The Tax Cuts and Jobs Act near passage in Congress will allow the continued growth of American wind energy, and the investment, jobs, and other economic benefits it brings to rural communities. The bill to be voted on later this week preserves the orderly phase-out through 2019 of wind energy tax credits, ensuring stability for American factories that build wind turbines, and investors who back new wind farms.
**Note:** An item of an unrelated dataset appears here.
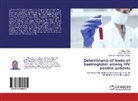 Serioza R Byaruhanga, Serioza Richard Byaruhanga, Franci Kazibwe, Francis Kazibwe, Obb Okoth, Obbo Okoth - Determinants of levels of haemoglobin among HIV positive patients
“We are grateful to our champions in Congress for their work to craft a pro-business tax reform bill that will continue the success story of American wind power,” said Tom Kiernan, CEO of the American Wind Energy Association. “The bill respects the 2015 bipartisan phase-out, preserving through 2019 the Production Tax Credit and Investment Tax Credit, which the wind industry uses to access capital and invest in U.S. infrastructure. We also recognize improvements made to the new Base Erosion Anti-Abuse Tax to enable continued investment. We deeply appreciate the work of Members of Congress who stood up for wind workers and rural America, and look forward to continuing our work with these Congressional champions as we deliver more factory orders, construction contracts, and jobs.”
The final tax reform package honors the PATH Act of 2015, which provided for a gradual phase-out of the tax credits through 2019. The predicable phase-out is expected to unleash $85 billion in economic activity and create nearly 50,000 new wind jobs by 2020, according to Navigant Consulting. Numerous trends are expected to drive further wind power adoption into the 2020s.
Jobs in the wind energy sector grew nine times faster than in the overall economy in 2016, and wind turbine technician is one of the fastest-growing jobs in America, 2016-2026. Over 500 American factories in 41 states manufacture parts for the supply chain, and farming communities across the heartland host wind turbines as a drought-proof cash crop.